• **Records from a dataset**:
-=-=-

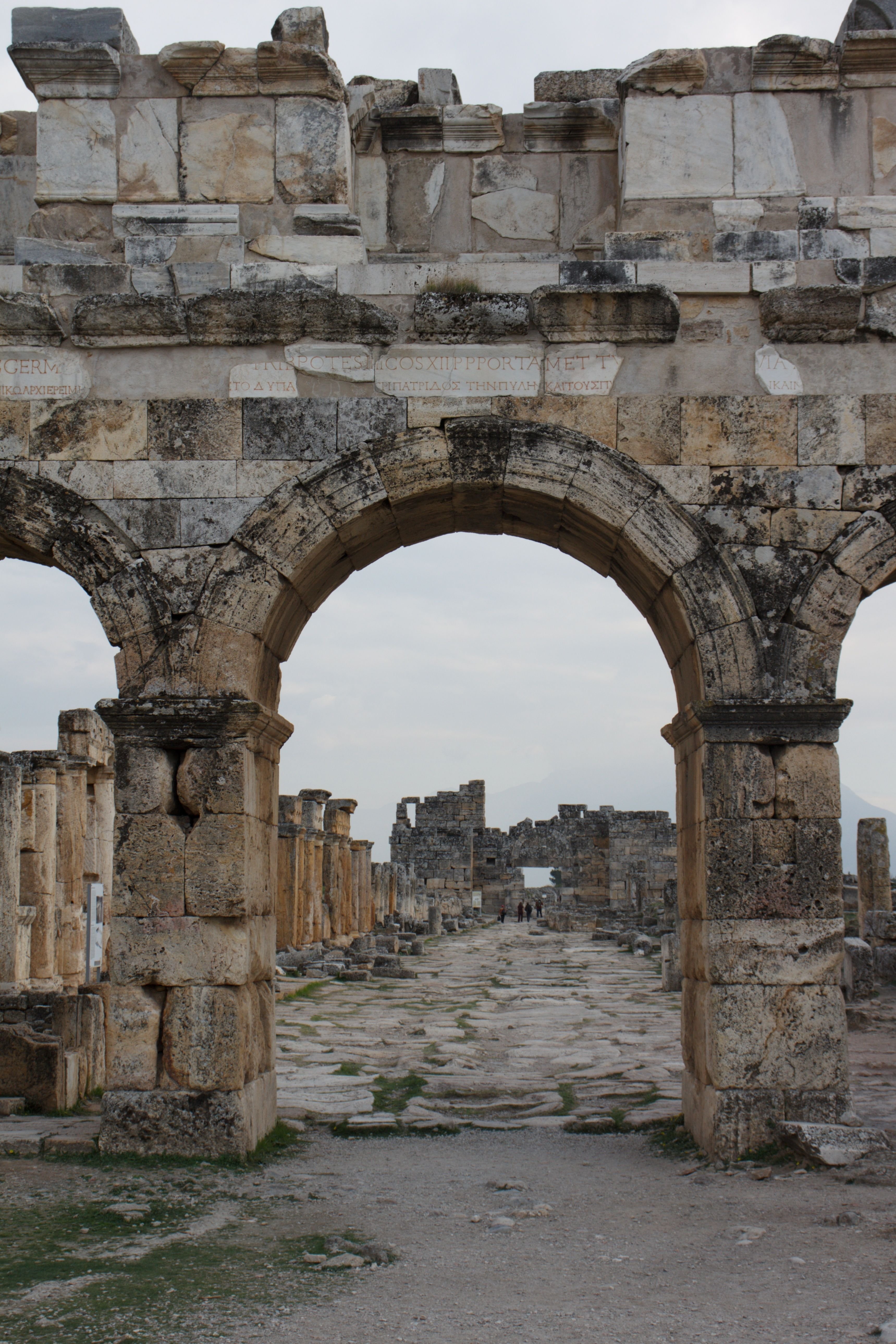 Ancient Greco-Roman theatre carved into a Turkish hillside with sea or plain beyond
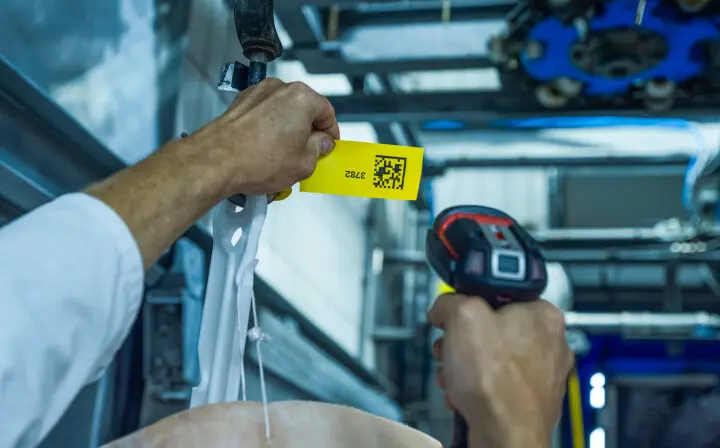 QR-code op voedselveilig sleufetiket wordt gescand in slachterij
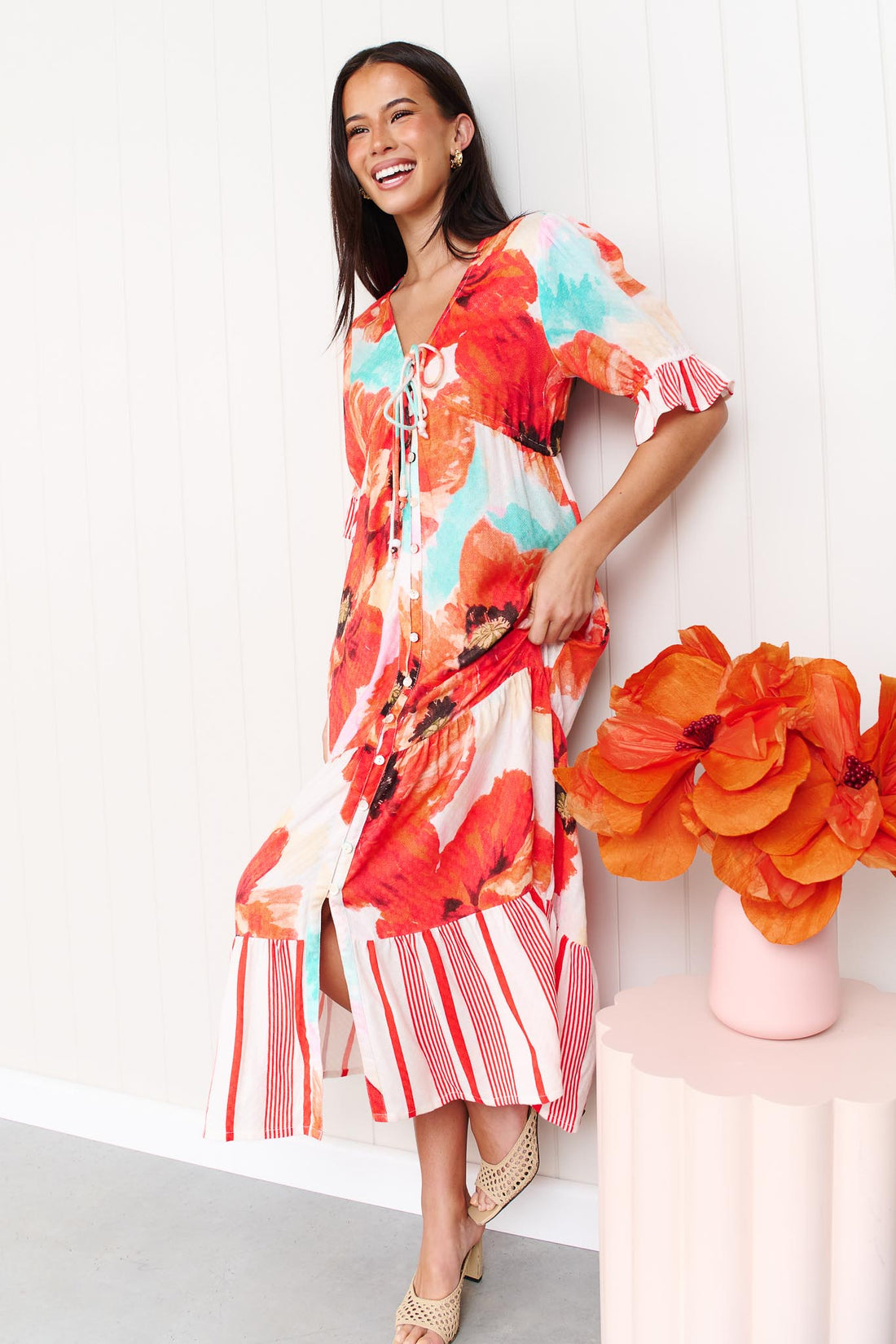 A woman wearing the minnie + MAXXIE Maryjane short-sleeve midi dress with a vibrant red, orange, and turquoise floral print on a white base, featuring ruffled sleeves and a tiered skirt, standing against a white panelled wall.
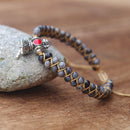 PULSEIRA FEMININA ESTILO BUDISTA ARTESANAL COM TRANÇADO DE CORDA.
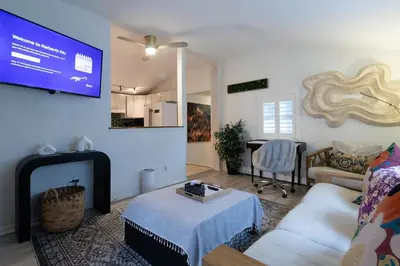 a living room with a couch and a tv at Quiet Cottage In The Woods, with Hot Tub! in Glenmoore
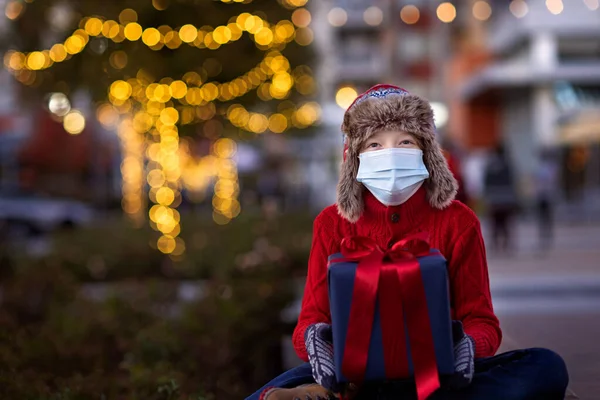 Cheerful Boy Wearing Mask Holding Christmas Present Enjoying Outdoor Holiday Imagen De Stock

-=-=-

Write out word for word the lines above that run from the one with "QR-code op voedselveilig" to the one with "A woman wearing". Include both end lines; exclude the images.

 QR-code op voedselveilig sleufetiket wordt gescand in slachterij
 A woman wearing the minnie + MAXXIE Maryjane short-sleeve midi dress with a vibrant red, orange, and turquoise floral print on a white base, featuring ruffled sleeves and a tiered skirt, standing against a white panelled wall.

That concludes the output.